Signaling through the preBCR is required not only to down-regulate the RAG genes (terminating V-DJ recombination) but also to promote cell proliferation and differentiation to the pre-B cell stage (for review see reference 31). If the reduced Igμ chain level in VHΔa/WTb pro-B cells resulted in preBCR signals that were suboptimal for promoting this transition, we might expect that precursors to double producers (expressing Igμ from two alleles, one with Eμ present) would be enriched in the pre-B cell population of VHΔa/WTb mice. Similarly, if expression of the VHΔa were delayed relative to expression of the VHEμa allele, a higher proportion of pre-B cells in VHΔa/WTb mice would carry a functionally assembled VH gene on the WTb allele, as this would be required in the absence of VHΔa allele expression for transit to the pre-B cell stage. This was not the case, however; these precursors were present at the same or close to equal numbers in VHΔa/WTb and VHEμa/WTb mice (Fig. 5 and Fig. S4). Quantitative comparisons of V-DJ assembly on the WTb allele showed no significant difference between VHΔa/WTb and VHEμa/WTb pre-B cells, and cloned VH gene sequences from the WTb allele had the same ratio of productive to nonproductive rearrangements in both pre-B cell populations. In RAG-1−/− mice, the bulk of B-lineage cells in both mice assumed a pre-B cell phenotype, further supporting the idea that signaling through the Igμ chain (preBCR) to promote the pro- to pre-B cell transition was largely unaffected by loss of Eμ and lower Igμ levels (Fig. 6).

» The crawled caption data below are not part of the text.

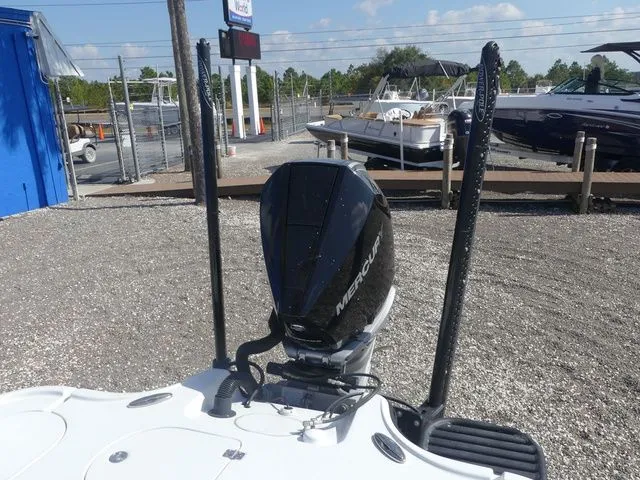 Slide: The Image of Yellowfin 24 Bay CE 2019 - 30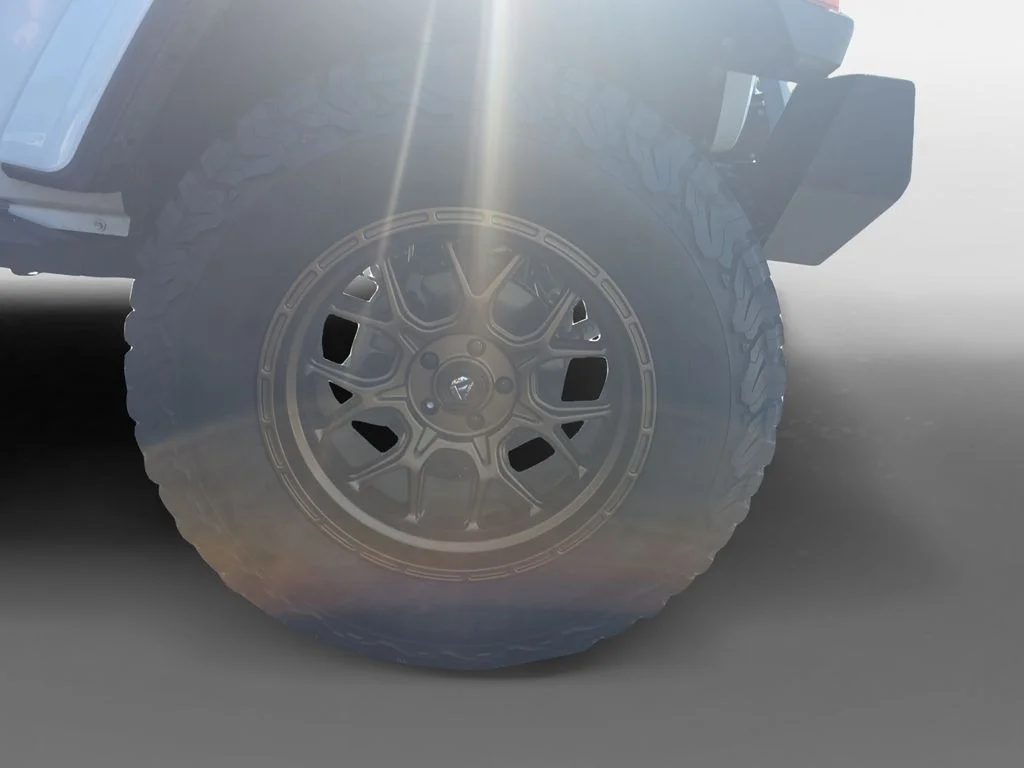 Used 2020 Bright White Clearcoat Jeep Overland image 10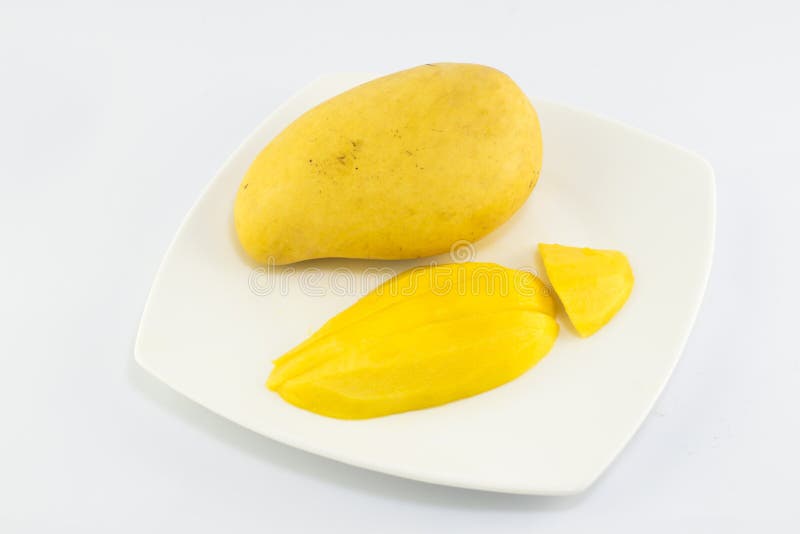 Зрелое золотое mangoe на белой предпосылке стоковое изображение rf Зрелое золотое mangoe на белой предпосылке стоковое изображение rf
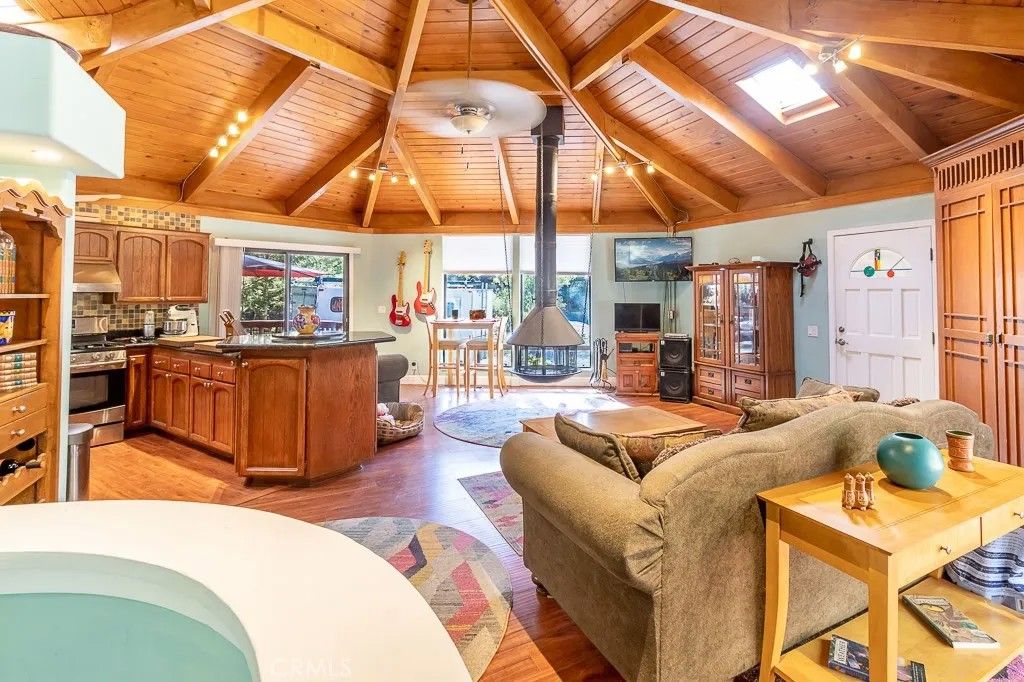Photo of 1916 Teton Way, Pine Mountain Club, CA 93222 (MLS # OC25247104)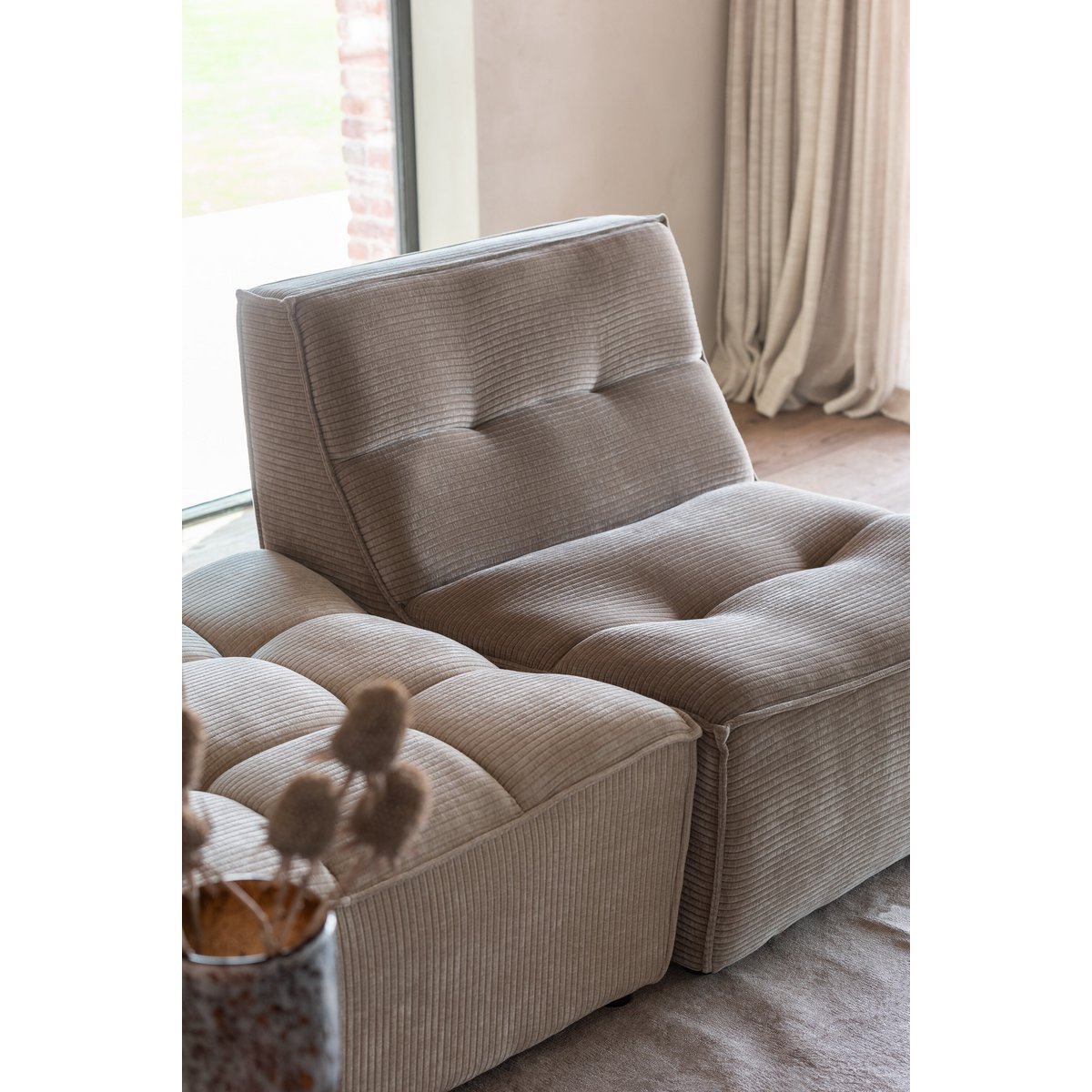 Pouf J-Line Grid, ambiance salon moderne
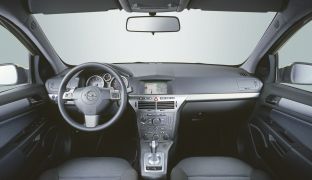 Opel Astra Family: хэтчбек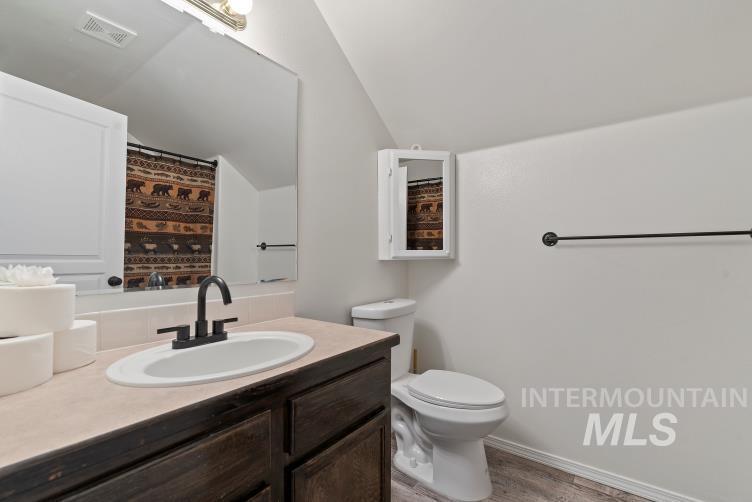 722 S Bonneville Dr Property Photo 27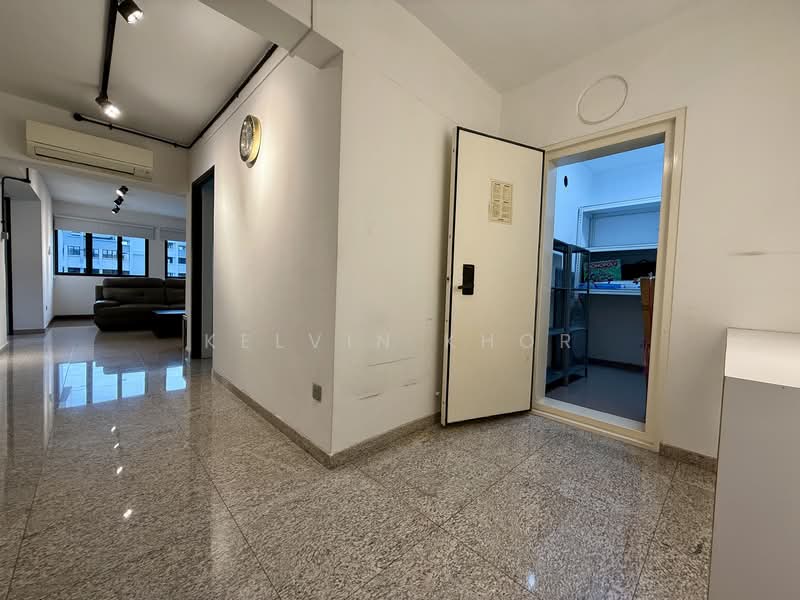 658D Jurong West Street 65, 658D Jurong West Street 65, 3 Bedrooms, 1,206 sqft, HDB Flat For Rent, by Kelvin Khor, 500063403 - Living Room - PropertyGuru.com.sg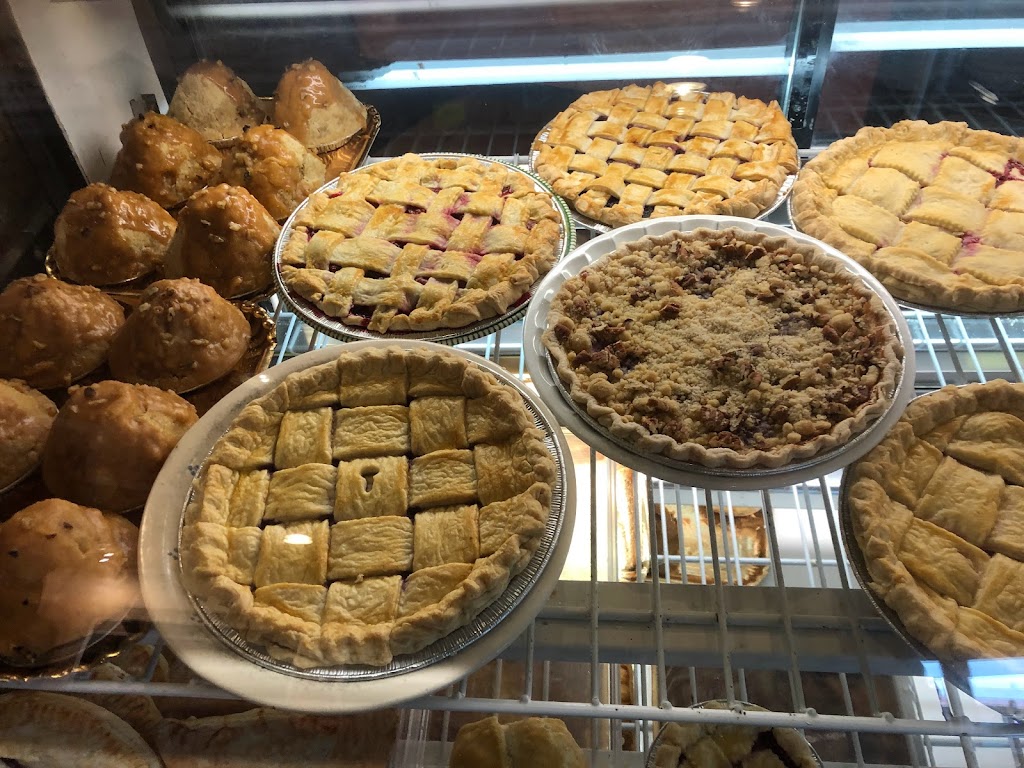 The Village Bake Shoppe | 417 Center St, Lewiston, NY 14092, USA | Phone: (716) 754-2300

The transition from pre-B to immature B cell requires successful assembly of a functional Ig light chain gene, resulting in replacement of the preBCR with a BCR. The BCR on immature B cells serves two opposing purposes. On the one hand, it is required for survival (BCR ablation at any B cell stage tested leads to cell death), and it has been suggested that this BCR-transmitted tonic signaling is antigen independent (positive selection) (35). On the other hand, if the BCR signal is too strong (e.g., autoreactive BCR), the cell is induced to modify the antigen specificity of the BCR through receptor editing and, failing that, is induced to die (negative selection) (for review see references 30, 31). The nature and strength of the BCR signal in immature B cells, therefore, profoundly affects cell fate. We propose that reduced Igμ levels in emerging immature BM B cells of VHΔa/WTb mice result in BCR signaling that is generally below the threshold for positive selection. In these animals, the rare cells that express both Igh alleles (double producers) would have a selective advantage because the increased tonic signaling through the BCR could then reach the required threshold for survival.
If, in the absence of Eμ, BCR density is generally not optimal for effective tonic signaling, then how do the single producers in VHΔa/WTb animals reach the immature B cell stage? Both density and signaling strength can be affected by light chain through its effects on BCR stability (the strength of heavy/light chain association) and Ag specificity. B cells starting with a disability (low μ-chain levels) would have more stringent light chain requirements than normal, needing either light chains that form a stronger and more stable association with the VHB1-8-μ chain or those that form an innocuous antigen specificity with stronger basal signaling properties. Analyses of these cells were consistent with that prediction. The IgMa+b− cells in VHΔa/WTb and VHΔa/ΔJH mice showed greater use of downstream Jκ gene segments (evidence of successive V-J rearrangements on a single Igκ allele) and included a larger subpopulation of Igλ-producing cells as compared with IgMa+b− cells from VHEμa/WTb mice (Fig. 7). Also consistent with this model was the finding that light chain editing was increased neither in the IgMa+b+ cells from VHΔa/WTb animals (μ-chain emanates from both a WT allele and the VHΔa allele) nor in the B cells of VHΔa/VHΔa mice (μ-chain emanates from two copies of the VHΔa allele).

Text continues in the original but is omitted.